WHAT YOU NEED TO DO ->
Pictures are to be left out. Return exactly the lines below from the one with "Tahari White Silver" up to and including the one with "Conjunto de bandera de samoa en mano".

RECORD EXTRACTS ->

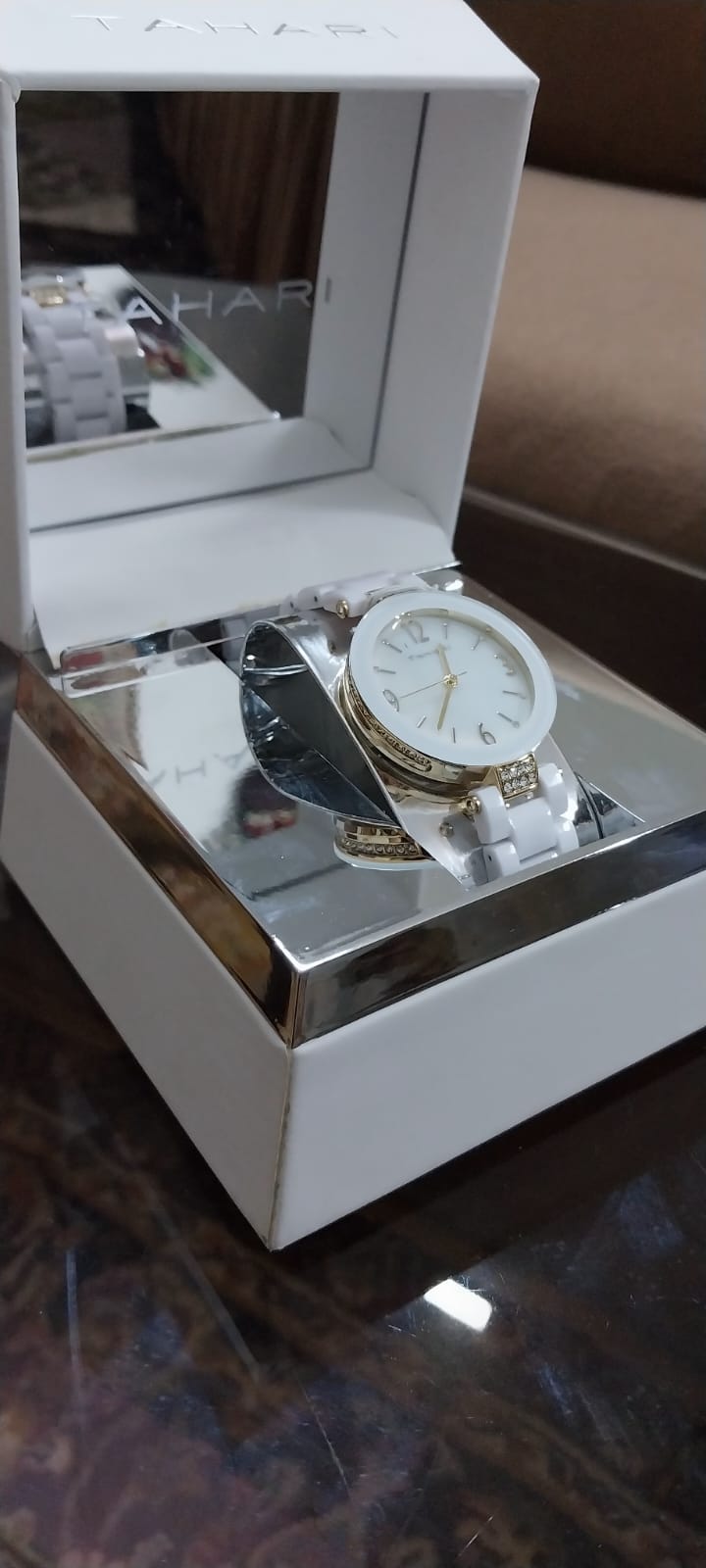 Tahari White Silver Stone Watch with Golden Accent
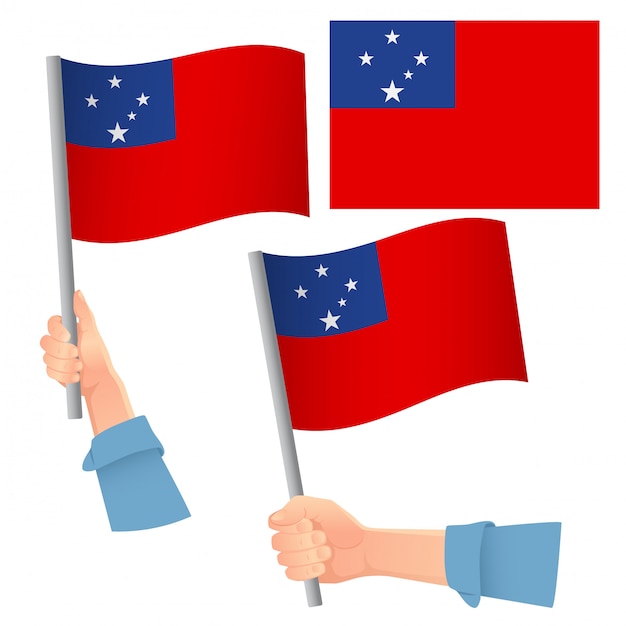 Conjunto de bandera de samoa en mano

--

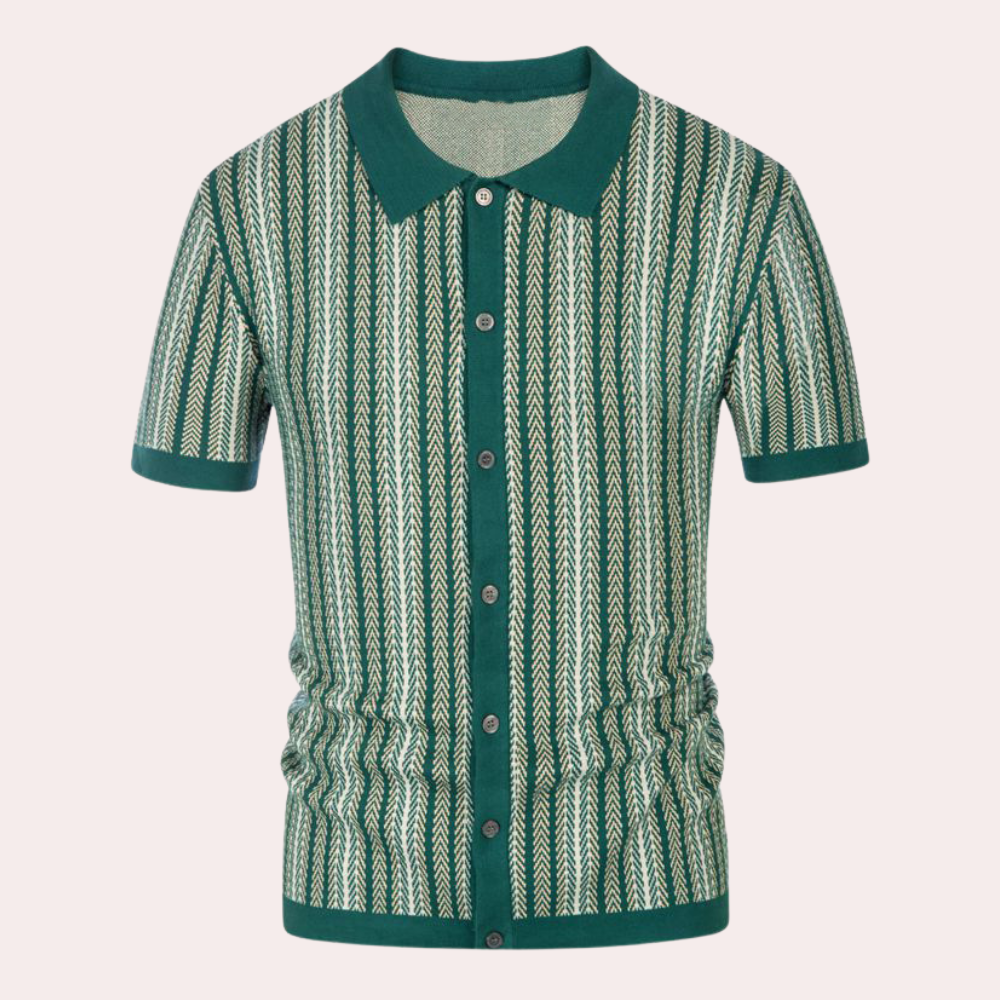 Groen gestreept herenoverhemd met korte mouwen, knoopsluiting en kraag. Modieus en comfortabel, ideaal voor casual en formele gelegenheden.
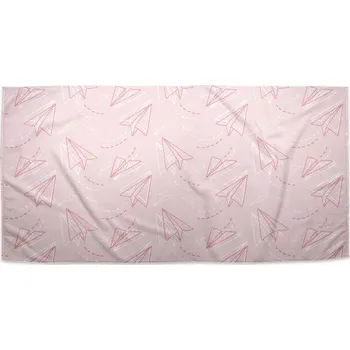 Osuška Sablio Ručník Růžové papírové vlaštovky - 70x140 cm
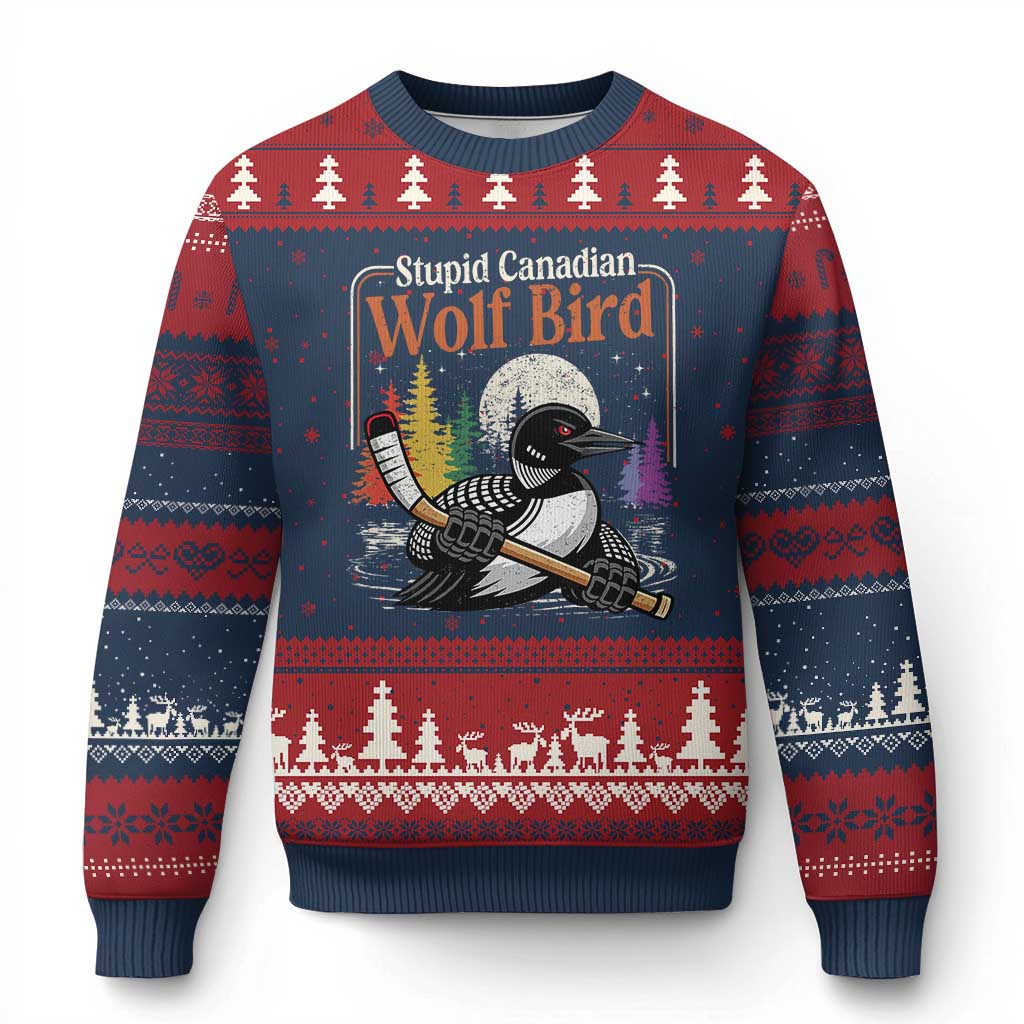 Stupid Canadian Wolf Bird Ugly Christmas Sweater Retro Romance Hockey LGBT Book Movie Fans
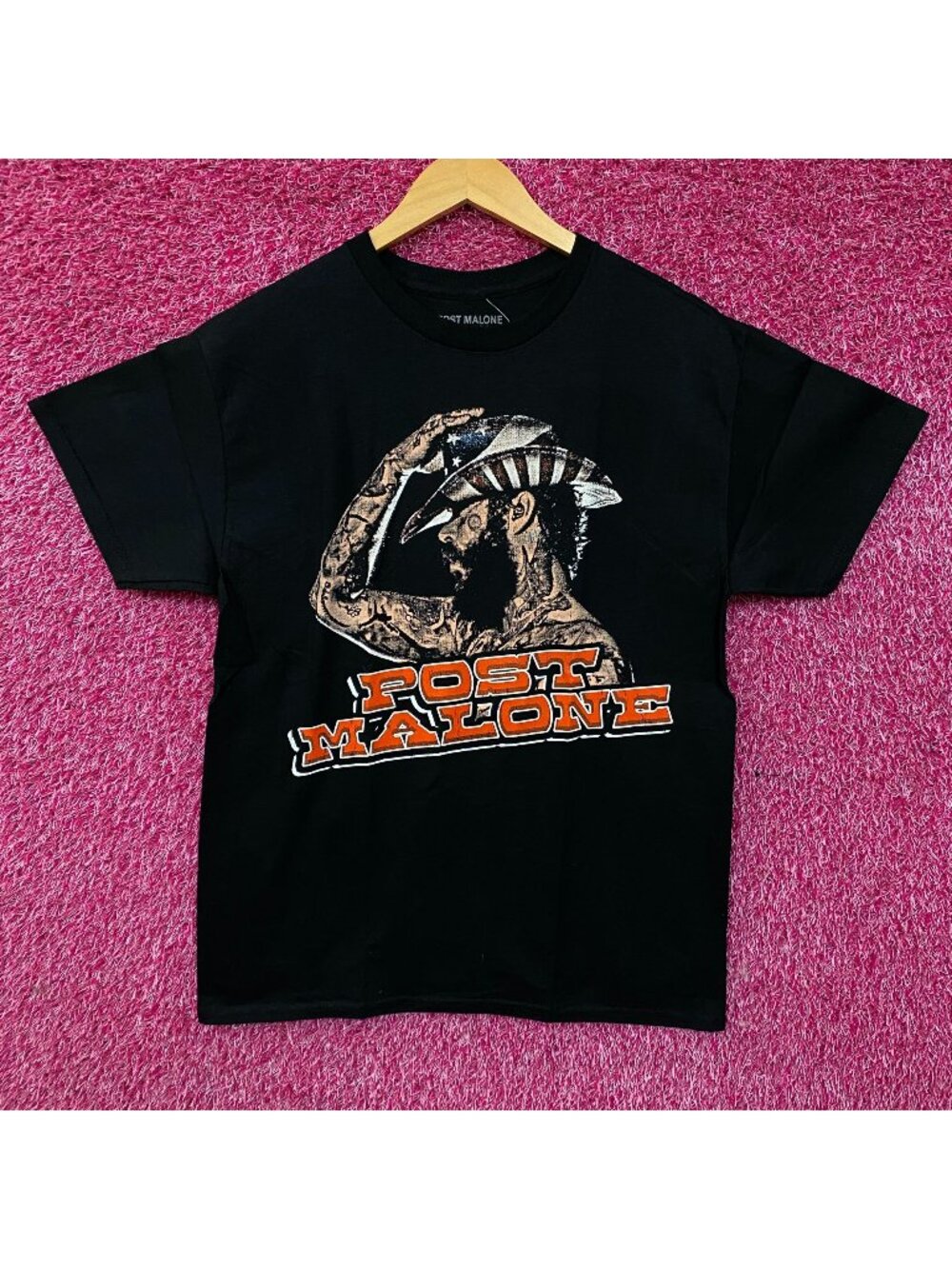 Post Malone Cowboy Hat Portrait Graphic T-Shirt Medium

==

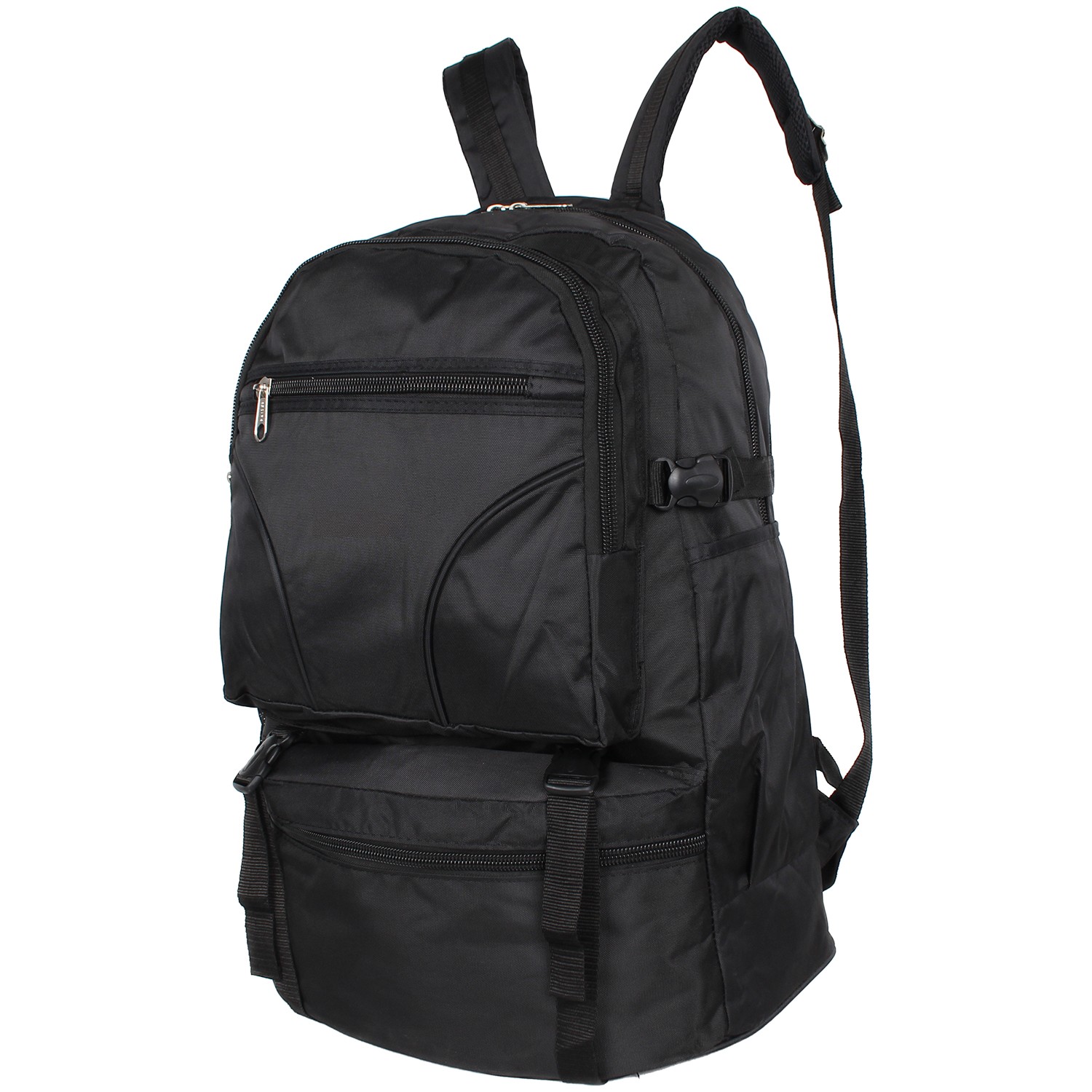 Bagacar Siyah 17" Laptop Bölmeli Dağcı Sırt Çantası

FINISHED TASK ->
 Tahari White Silver Stone Watch with Golden Accent
 Conjunto de bandera de samoa en mano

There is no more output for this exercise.